4.2.8. Nos avoirs monétaires vont-ils se déprécier ?
 Le changement d'unité monétaire n'est pas synonyme d'inflation* ou de spoliation de l'épargnant, du rentier ou du retraité. La « valeur relative » de nos avoirs monétaires est identique avant et après l'euro. La monnaie unique est gérée dans un cadre institutionnel rigoureux dont l'objectif est la stabilité des prix d'où découle la stabilité du pouvoir d'achat. L'indépendance du SEBC est une garantie du respect de ses missions et le met à l'abri des tentations inflationnistes. De plus, seuls les pays dont les économies ont suffisamment convergé participent à l'UEM.
L'union monétaire n'est pas une nouvelle réforme monétaire*. Les avoirs monétaires, de même que les crédits, sont simplement convertis en euro au même taux que les prix des marchandises. Bien sûr, les valeurs nominales des obligations et des titres continuent à varier en fonction des forces du marché.
4.2.9. Quel est le coût du passage à la monnaie unique et qui en supporte le poids ?

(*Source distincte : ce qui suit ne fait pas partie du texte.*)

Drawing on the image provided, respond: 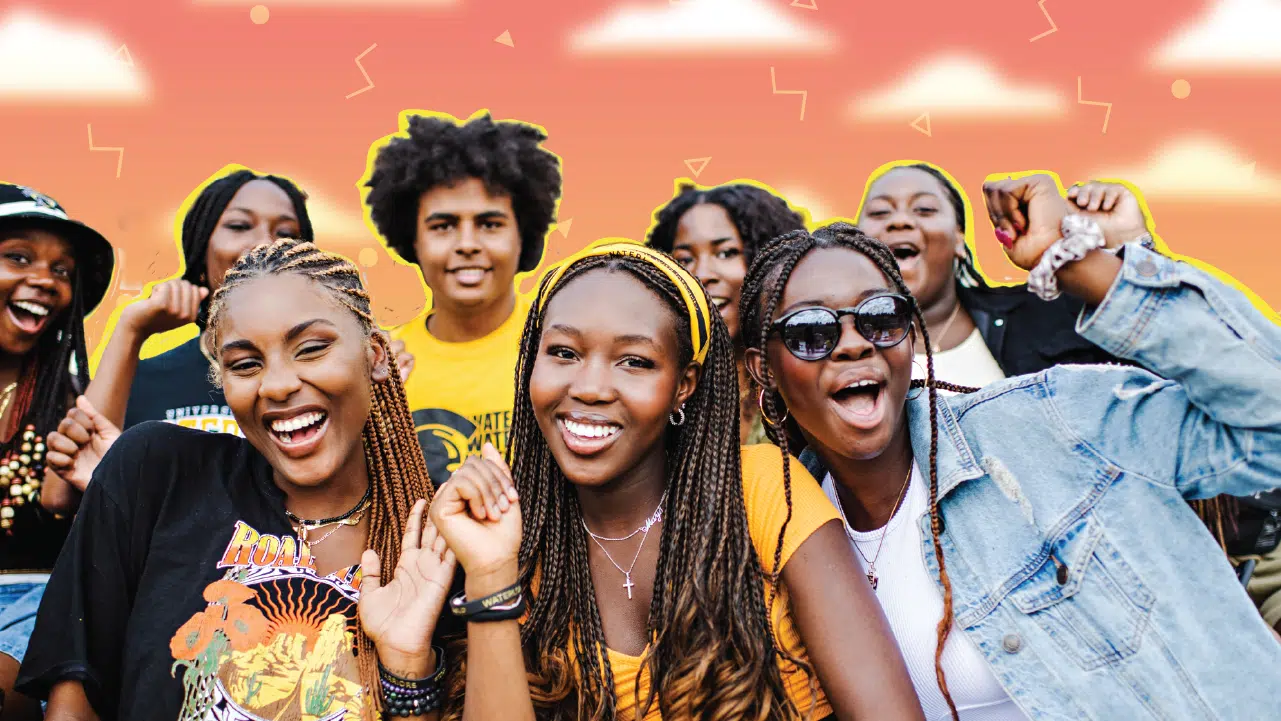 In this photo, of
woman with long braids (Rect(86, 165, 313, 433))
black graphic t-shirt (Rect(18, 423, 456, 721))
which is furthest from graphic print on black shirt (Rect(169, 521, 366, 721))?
woman with long braids (Rect(86, 165, 313, 433))

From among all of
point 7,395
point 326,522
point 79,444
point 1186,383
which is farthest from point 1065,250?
point 7,395

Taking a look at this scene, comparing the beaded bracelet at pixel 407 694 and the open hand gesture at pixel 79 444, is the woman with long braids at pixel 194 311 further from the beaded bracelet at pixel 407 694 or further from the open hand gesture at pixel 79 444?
the beaded bracelet at pixel 407 694

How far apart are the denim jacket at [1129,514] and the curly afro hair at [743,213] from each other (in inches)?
80.8

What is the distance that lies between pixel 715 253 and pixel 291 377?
95.5 inches

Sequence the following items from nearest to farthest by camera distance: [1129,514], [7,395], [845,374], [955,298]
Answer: [1129,514]
[845,374]
[7,395]
[955,298]

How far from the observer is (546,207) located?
491 centimetres

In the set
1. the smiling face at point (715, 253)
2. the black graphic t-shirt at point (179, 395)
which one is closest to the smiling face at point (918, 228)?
the smiling face at point (715, 253)

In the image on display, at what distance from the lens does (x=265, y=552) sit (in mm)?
2350

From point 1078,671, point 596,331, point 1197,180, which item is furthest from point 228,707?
point 1197,180

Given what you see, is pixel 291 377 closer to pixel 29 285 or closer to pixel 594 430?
pixel 594 430

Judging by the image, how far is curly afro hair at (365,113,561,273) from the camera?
15.0 ft

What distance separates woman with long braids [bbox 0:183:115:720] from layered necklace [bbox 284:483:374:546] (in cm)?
136

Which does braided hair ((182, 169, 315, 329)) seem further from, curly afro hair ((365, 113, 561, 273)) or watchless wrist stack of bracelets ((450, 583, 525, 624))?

 Le coût du passage à l'euro est difficile à chiffrer. Les citoyens, les entreprises et surtout les banques doivent, pendant un certain temps, fournir un effort considérable. Les estimations varient fortement selon les méthodes utilisées et les devis présentés par des banques varient, selon les cas, d'un facteur de 1 à 70. Les chiffres fournis sont difficiles à interpréter, certains comprenant des frais liés à d'autres événements intervenant simultanément (adaptation de l'informatique au passage à l'an 2000) ainsi que des manques à gagner (perte des commissions de change). Il est prévu que les citoyens n'auront pas directement de coût à supporter, l'échange des devises* nationales contre l'euro devant se faire sans frais pour eux, d'après le principe proposé par la CE, selon lequel toute opération obligatoire ne doit pas être facturée au client.
Il est tout aussi important de considérer, au-delà du coût immédiat, les bénéfices que le citoyen européen tirera de la monnaie unique. Autrement dit, il faut comparer le coût du passage à l'euro avec le coût, difficile à chiffrer mais très élevé, de l'absence de monnaie unique. Ces efforts sont d'autant moins pénibles si les ajustements*, par exemple des systèmes informatiques, ont été réalisés avec prévoyance.